France confirm interest in hosting 2023 Rugby World Cup
Federation to submit bid as five countries compete to host the 10th iteration of rugby union's greatest tourament
The French Rugby Federation (FFR) has confirmed it will bid to host the 2023 Rugby World Cup.
The decision was confirmed in a statement at the end of the FFR’s annual congress in Belfort on Saturday.
We are delighted with the strong level of serious interest from unions and governments in Rugby World Cup 2023 at this very early stage
France, who last hosted the tournament in 2007 with some matches taking place in Wales and Scotland, is the third European country to enter the race to host the prestigious competition, joining Italy and Ireland – two countries they will face in Pool D at this year’s event, which starts in September.
An all-Ireland bid, including the use of GAA stadia, was launched in December, while Italy have also expressed their interest, despite their off-field problems at domestic level stunting meaningful development in the country.

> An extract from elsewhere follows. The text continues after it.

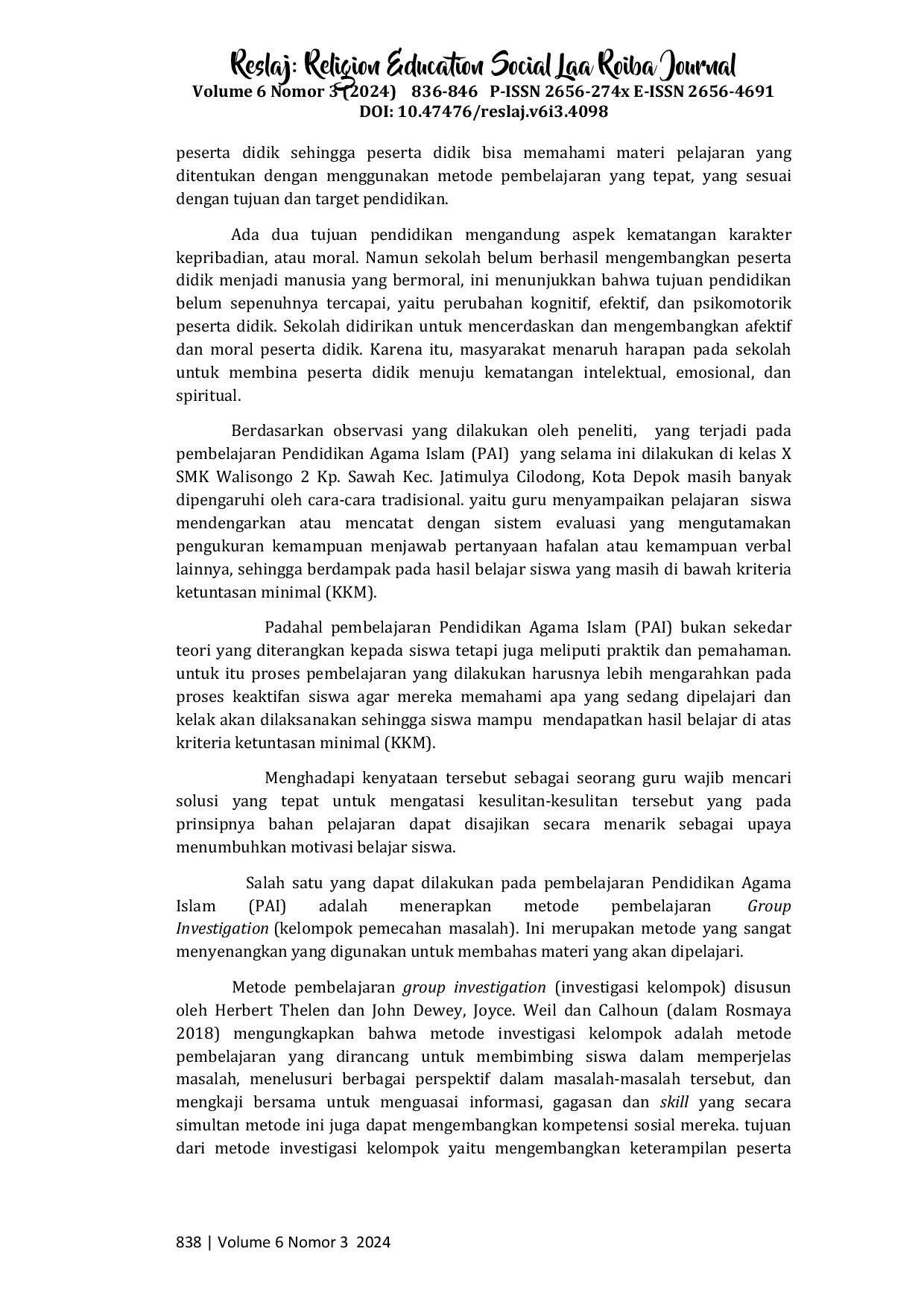 JURIS Peran Metode Investigasi Kelompok Dalam Meningkatkan Hasil Belajar PAI Siswa Kelas X di SMK Walisongo 2 Depok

Other countries set to throw in their lot are South Africa, who hosted the 1995 iteration, and the USA, a rising nation in rugby union terms already buoyed by successfully bidding for the 2018 Rugby World Cup Sevens, which will be held in San Francisco and San Jose.
After a briefing event for potential future hosts in London earlier this month, Rugby World Cup tournament director Alan Gilpin admitted the governing body was pleased with the level of interest already shown for the 2023 event.
“We are delighted with the strong level of serious interest from unions and governments in Rugby World Cup 2023 at this very early stage, which highlights the enormous hosting appeal of Rugby World Cup as a low-risk, high-return economic, social and sporting driver and we welcome further dialogue as the process progresses,” Gilpin said.
Following this year’s event, hosted by the Rugby Football Union in England and Wales, the the 2019 event moves to the southern hemisphere with Japan – an emerging market for rugby union with the potential for huge growth – winning the bid ahead of Italy and South Africa.
Since the inaugural event in 1991 was hosted by Australia and New Zealand, rugby union’s showpiece international event has rotated between the northern and southern hemispheres.
If the pattern prevail, the 10th iteration in 2023 should be held in the northern hemisphere, which could make South Africa’s bid futile.
While established rugby nations Ireland and France will provide strong bids, World Rugby’s desire to expose the sport to emerging markets could give the USA a unique advantage, even though it would collide with the start of the American football season.
World Rugby opened the bidding process on 14 May with a deadline of June 2016. The winning bid will be announced in May 2017.